Kilka faktów z życia (1 Krl, 2 Krl) – Eliasz zapowiadał dwuletnią suszę, udał się nad potok Kerit, potem do Sarepty Sydońskiej, dokonał sądu nad prorokami pogańskimi:
 
„Dopókiż chwiać się będziecie na dwie strony (…) jeżeli Jahwe jest Bogiem prawdziwym, Jemu służcie
 
Na Górze Karmel wypatrywał deszczu; zdecydowanie nie był pupilkiem władcy ani jego żony:
„To tyś jest ten dręczyciel Izraela” ( „nie ja dręczę, lecz ty, porzuceniem przykazań”)
„już znalazłeś mnie, mój wrogu” („znalazłem, bo zaprzedałeś się…”)
„chociaż ty jesteś Eliasz to ja jestem Izebel (…) postąpię jutro z twym życiem, jak się stało z życiem każdego z nich”.
 
Na górze Horeb stanął wobec Pana i rozpoznał, że Pan nie był w wichrze, w trzęsieniu ziemi, nie był w ogniu lecz w szmerze łagodnego powiewu… „Idź wracaj twoją drogą do pustyni Damaszku”
Namaścił nowych królów i Elizeusza na swego następcę; jedno z wezwań u końca misji głosiło:
„Czyż nie ma Boga w Izraelu, by szukać Jego wyroku”.
 
Jego tajemnicze „wzięcie w skłębionym płomieniu, na wozie, o koniach ognistych" sprawiało, że żywa była tradycja konieczności jego powrotu na ziemię:
 
„O Tobie napisano, żeś zachowany na czasy stosowne" (Syr 48, 9-11)
 
 
Nowy Eliasz. Jan Chrzciciel jest postacią zagadkową, proroctwo z księgi Malachiasza głosiło:
 
„Oto Ja wyślę anioła mego, aby przygotował drogę przede Mną a potem nagle przybędzie do swej świątyni Pan, którego wy oczekujecie, i Anioł Przymierza którego pragniecie. Oto nadejdzie, mówi Pan Zastępów” (Mal 3,1)
 
A to z kart Ewangelii:
"Bo on pójdzie wprzód przed obliczem jego w duchu i w mocy Eliaszowej, aby obrócił serca ojców ku dzieciom" – Łk. 1:17
 
Czy proroctwo było częściowe, czy więc Eliasz przyszedł i czy… jeszcze przyjdzie? Czym jest nawrócenie serca ojców ku dzieciom, czym będzie nawrócenie serc dzieci ku ojcom? Czy Bóg „nawrócił” się ku Izraelowi, ku swoim dzieciom, czy rozpoczęło się i trwa upamiętanie, zwrócenie się ludzkości ku Ojcu?
 
Jan Chrzciciel mówił o sobie, że nie jest Mesjaszem, nie jest Eliaszem, nie jest prorokiem
"Kim jesteś, abyśmy mogli dać odpowiedź tym, którzy nas wysłali?
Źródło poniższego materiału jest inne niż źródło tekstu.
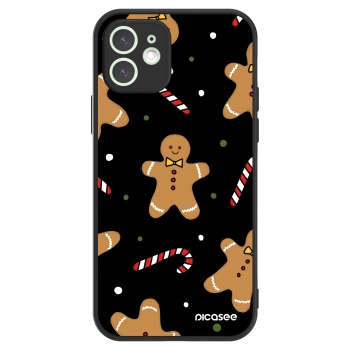 Picasee ULTIMATE CASE na Apple iPhone 12 - Gingerbread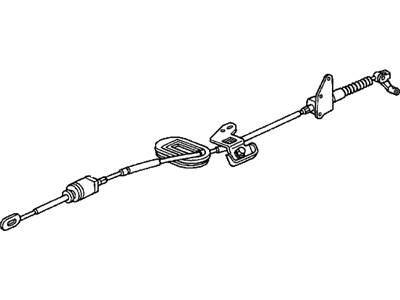 Honda 54315-S5D-A85 Wire, Control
Co mówisz sam o sobie?"
"Jam głos wołającego na pustyni: Prostujcie drogę Pańską, jak powiedział prorok Izajasz.
Pośród was stoi Ten, którego wy nie znacie, który po mnie idzie, a któremu ja nie jestem godzien odwiązać rzemyka u Jego sandała”
 
 
„Jam głos wołającego na pustyni…”
 
„tułali się w skórach owczych, kozich, w nędzy, w utrapieniu, w ucisku – świat nie był ich wart – i błąkali się po pustyniach i górach, po jaskiniach i rozpadlinach ziemi” (Hbr 11,37-38)
 
Świat nie był ich wart… pozostał po nich i trwa głos… głos z pustyni… głos z miejsca, gdzie człowiek nie może żyć…
Niech na pustyni naszej egzystencji słyszalny będzie głos, głos proroków Eliasza i Jana Chrzciciela, walczących o Boga w Izraelu i w ludzkim sercu, walczących o człowieka…
 
Niech trwa, wzmocniony dwoma tysiącami lat doświadczeń chrześcijaństwa, wzmocniony kolejnym dla nas przeżyciem adwentu…
 
Niech – nade wszystko – usłyszą go cedry Libanu, dęby Baszanu, góry niebotyczne, pagórki wyniosłe, wieże strzeliste, mury obronne, wszystkie okręty Tarszisz, statki zbytkowne (por Iz 2,12-17):
 
Prostujcie drogę Pańską / Dopókiż chwiać się będziecie na dwie strony?
Pośród was stoi Ten, którego wy nie znacie / Czyż nie ma Boga…?
 
 
 

Komentarze

  1. krok-w-chmurach

    “Świat nie był ich wart?

    "Świat nie był ich wart… pozostał po nich i trwa głos… głos z pustyni… głos z miejsca, gdzie człowiek nie może żyć…"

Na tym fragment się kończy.